INFORMATION |

□ □ □ □

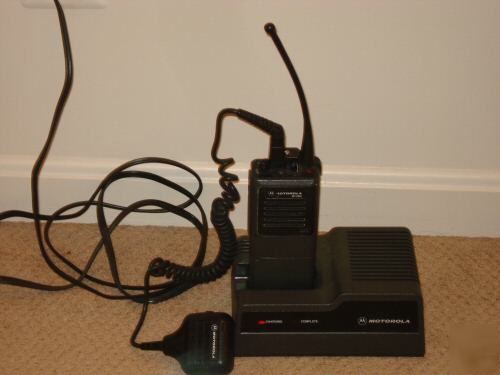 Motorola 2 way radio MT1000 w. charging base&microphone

□ □ □ □

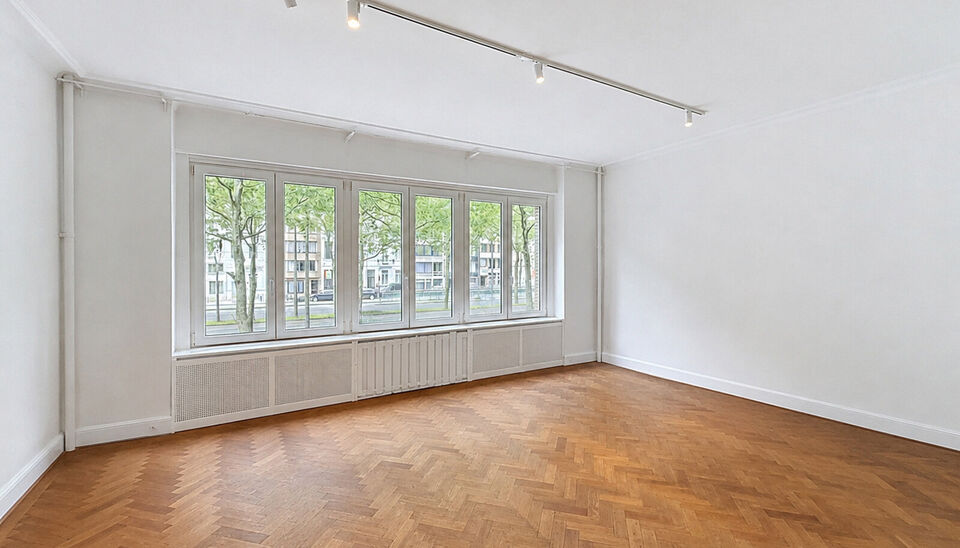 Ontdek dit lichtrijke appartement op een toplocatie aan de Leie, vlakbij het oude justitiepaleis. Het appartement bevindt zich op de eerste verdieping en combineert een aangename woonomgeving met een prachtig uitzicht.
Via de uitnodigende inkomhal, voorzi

□ □ □ □

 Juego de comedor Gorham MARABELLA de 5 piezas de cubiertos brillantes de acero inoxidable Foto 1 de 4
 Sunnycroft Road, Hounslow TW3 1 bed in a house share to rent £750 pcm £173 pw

□ □ □ □

Take the lines above from the one containing "Juego de comedor" to the one containing "Sunnycroft Road, Hounslow" and retype them exactly, both ends included, with nothing added.

ANSWER SPACE |
 Juego de comedor Gorham MARABELLA de 5 piezas de cubiertos brillantes de acero inoxidable Foto 1 de 4
 Sunnycroft Road, Hounslow TW3 1 bed in a house share to rent £750 pcm £173 pw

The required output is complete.